どんな人・どんなボード構成にtrue bypassが向いている?

true bypassが向いているケース

true bypassのメリットを活かしやすいのは、次のような環境やプレイスタイルです。

  • 自宅メインで、シールドも比較的短い(合計10m前後)
  • ペダルの台数が2〜3台程度のシンプルなボード
  • ギターやアンプの素の音(クリーン〜クランチ)を大事にしたい
  • 「必要なときだけエフェクトをかけて、オフのときは完全に原音を出したい」と考えている

このような環境では、true bypassペダルを中心にボードを組むことで、とてもナチュラルで反応の良いサウンドが得られます。

バッファを組み合わせた方がよいケース

逆に、次のようなケースでは、true bypassだけにこだわらず、バッファ付きペダルを1〜2台組み合わせた方がサウンドが安定しやすくなります。

  • ライブハウスやスタジオを頻繁に利用し、ケーブルが長くなりがち
  • ペダルが5〜6台以上並んでいる
  • クリーン〜クランチの「抜け」や「立ち上がり」を重視している
  • ボードをつないだときに、ギター直よりも「なんとなくモコっとする」と感じる
図3 バッファ+true bypassのボード例 典型的な並び:ギター → バッファ → 歪み → 空間系 → アンプ ギター バッファ付き チューナー 歪み1 歪み2 ディレイ/リバーブ アンプ ・最初にバッファを入れて信号を安定させる ・その後にtrue bypassの歪みや空間系を並べるとバランスがよい

たとえば、次のような構成はよくあるパターンです。

  • ギター
  • バッファ付きチューナー
  • true bypassの歪みペダルを数台
  • ディレイやリバーブなどの空間系
  • アンプ

最初で信号を整え、真ん中はtrue bypassペダルを素直に並べることで、原音に忠実でありつつ、音痩せもしにくいバランスの良いボードになります。

よくあるQ&A(初心者がつまずきやすいポイント)

最後に、true bypassについて初心者が疑問に思いやすいポイントをQ&A形式でまとめます。

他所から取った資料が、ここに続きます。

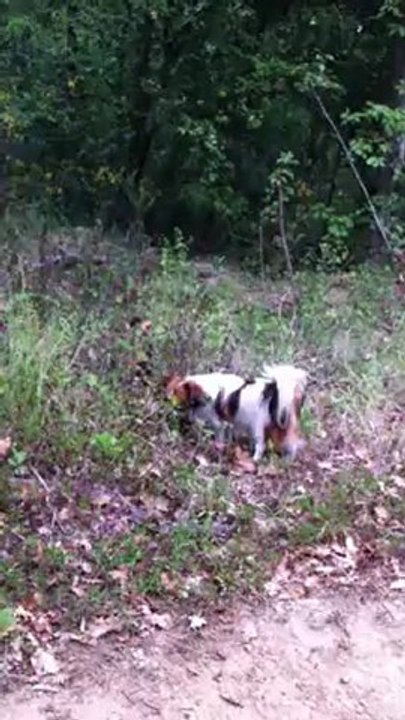 Phalenes en balade Septembre 2012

Q1:true bypassのエフェクターだけを集めれば、音は必ず良くなりますか?

A1:必ずしもそうとは限りません。ペダルの台数やケーブルの総延長が長くなると、true bypassだけで組んだボードでも音痩せすることがあります。ボード全体の構成やバッファの有無まで含めて考えることが大切です。

Q2:バッファードバイパスのペダルは全部やめた方がいいのでしょうか?

A2:いいえ、そんなことはありません。むしろ、1〜2台のバッファ付きペダルが入っていた方が安定する環境も多いです。特に、最初のチューナーや最後のプリアンプなどがバッファ付きだと「音の輪郭がハッキリした」と感じるプレイヤーも多いです。

Q3:手持ちのペダルをtrue bypassに改造した方がいいですか?

A3:改造にはリスクもあります。メーカー保証がなくなるだけでなく、配線ミスやノイズの増加など、思わぬトラブルにつながることも。まずはボード全体の配線やケーブル、バッファの有無を見直すことを優先し、それでも問題がある場合に、信頼できるショップで相談するのがおすすめです。

まとめ|true bypassは“正解”ではなく、選択肢のひとつ

true bypassは、

  • オフ時にエフェクト回路を通らない
  • 原音に近いサウンドを維持しやすい

という意味で、とても魅力的な構造です。ただし、ペダルの台数やケーブルの長さが増えると、それだけで音痩せの原因にもなり得るため、「true bypassさえ選んでおけば絶対に正解」というわけではありません。

大切なのは、

  • 自分のプレイ環境(自宅かライブ中心か)
  • ペダルの台数やケーブルの総延長
  • 「原音のまま」が好きなのか、「抜けの良さ」を優先したいのか

といった要素を踏まえて、true bypassとバッファードバイパスをどう組み合わせるかを考えることです。この記事を参考に、自分のボードを一度見直してみると、「なんとなくモコっとしていた音」がスッキリ解決するかもしれません。

「true bypassとは何か?」が腑に落ちれば、エフェクター選びやボードの組み方がぐっと楽しくなります。ぜひ、自分の理想のサウンドに近づくためのヒントとして活用してみてください。